2. Contained in the container, activate the environment and serve:

cd /opt/
source venv/bin/activate

vllm serve /models/cosmos-reason2-2b 
  --host 0.0.0.0 
  --port 8000 
  --trust-remote-code 
  --enforce-eager 
  --max-model-len 256 
  --max-num-batched-tokens 256 
  --gpu-memory-utilization 0.65 
  --max-num-seqs 1 
  --enable-chunked-prefill 
  --limit-mm-per-prompt '{"image":1,"video":1}' 
  --mm-processor-kwargs '{"num_frames":2,"max_pixels":150528}'

Key flags explained (Orin Super Nano only):

Flag	Purpose
`--enforce-eager`	Disables CUDA graphs to save lots of memory
`--max-model-len 256`	Limits context to slot in available memory
`--max-num-batched-tokens 256`	Matches the model length limit
`--gpu-memory-utilization 0.65`	Reserves headroom for system processes
`--max-num-seqs 1`	Single request at a time to reduce memory
`--enable-chunked-prefill`	Processes prefill in chunks for memory efficiency
`--limit-mm-per-prompt`	Limits to 1 image and 1 video per prompt
`--mm-processor-kwargs`	Reduces video frames and image resolution
`--VLLM_SKIP_WARMUP=true`	Skips warmup to save lots of time and memory

Wait until you see the server is prepared:

INFO:     Uvicorn running on http://0.0.0.0:8000

Confirm the server is running

From one other terminal on the Jetson:

curl http://localhost:8000/v1/models

You need to see the model listed within the response.
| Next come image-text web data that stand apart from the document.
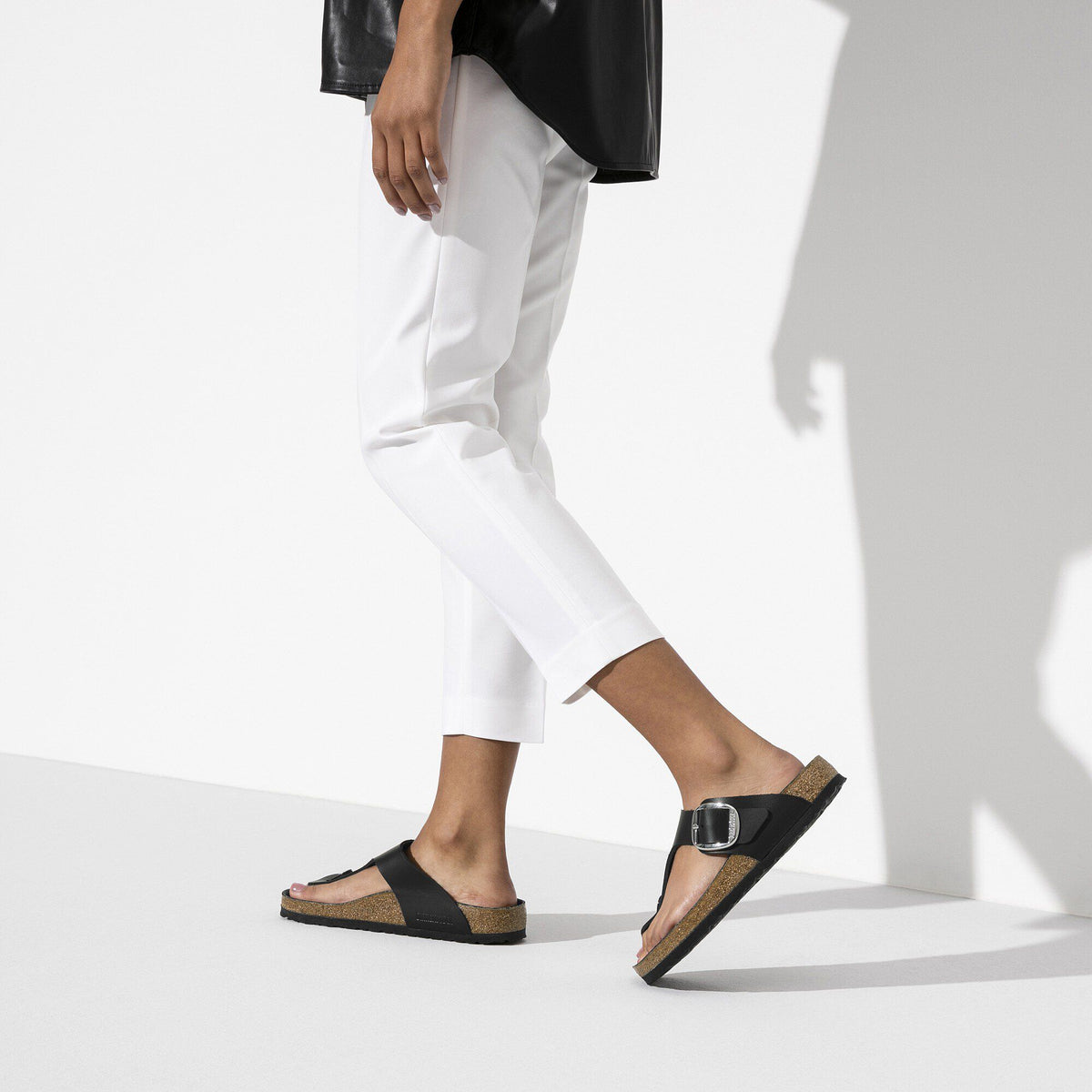 Gizeh Big Buckle Oiled Leather in Color Black | Birkenstock
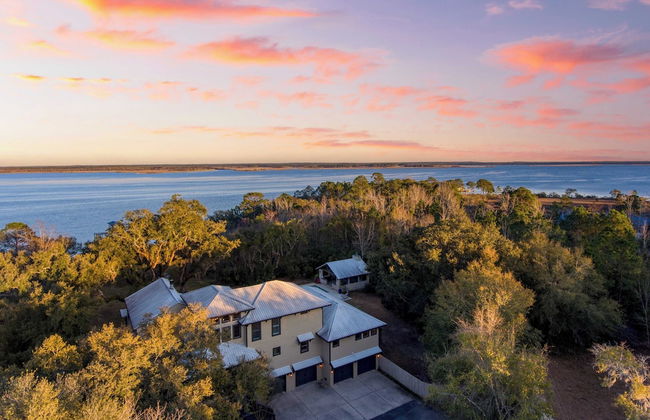 Blackwater Bay Hideaway by Avantstay Waterfront, Pool, Dock, Hot Tub - Photo 50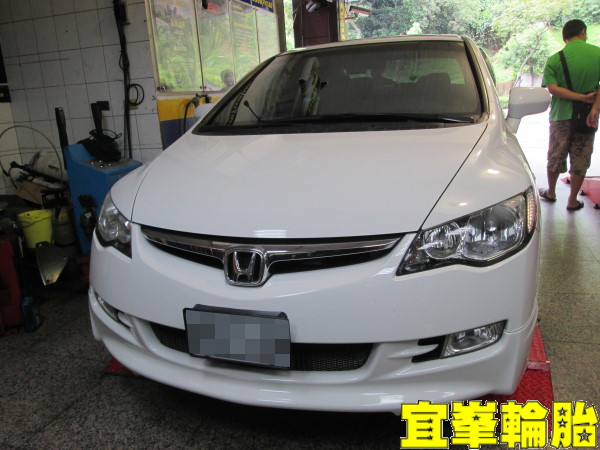 HONDA CIVIC8 喜美八代 自備機油跟換  BENDIX 煞車油脈衝式更換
Step 5: Test with a Quick API Call

Before connecting the WebUI, confirm the model responds accurately:

curl -s http://localhost:8000/v1/chat/completions 
  -H "Content-Type: application/json" 
  -d '{
    "model": "/models/cosmos-reason2-2b",
    "messages": [
      {
        "role": "user",
        "content": "What capabilities do you have?"
      }
    ],
    "max_tokens": 128
  }' | python3 -m json.tool

Tip: The model name utilized in the API request must match what vLLM reports. Confirm with curl http://localhost:8000/v1/models.

Step 6: Connect with Live VLM WebUI

Live VLM WebUI provides a real-time webcam-to-VLM interface. With vLLM serving Cosmos Reasoning 2B, you possibly can stream your webcam and get live AI evaluation with reasoning.

Install Live VLM WebUI

The easiest way is pip (Open one other terminal):

curl -LsSf https://astral.sh/uv/install.sh | sh
source $HOME/.local/bin/env
cd ~/Projects/CosmosReasoning
uv venv .live-vlm --python 3.12
source .live-vlm/bin/activate
uv pip install live-vlm-webui
live-vlm-webui

Or use Docker:

git clone https://github.com/nvidia-ai-iot/live-vlm-webui.git
cd live-vlm-webui
./scripts/start_container.sh

Configure the WebUI

Open https://localhost:8090 in your browser
Accept the self-signed certificate (click Advanced → Proceed)
Within the VLM API Configuration section on the left sidebar:
- Set API Base URL to http://localhost:8000/v1
- Click the Refresh button to detect the model
- Select the Cosmos Reasoning 2B model from the dropdown
Select your camera and click on Start

The WebUI will now stream your webcam frames to Cosmos Reasoning 2B and display the model’s evaluation in real-time.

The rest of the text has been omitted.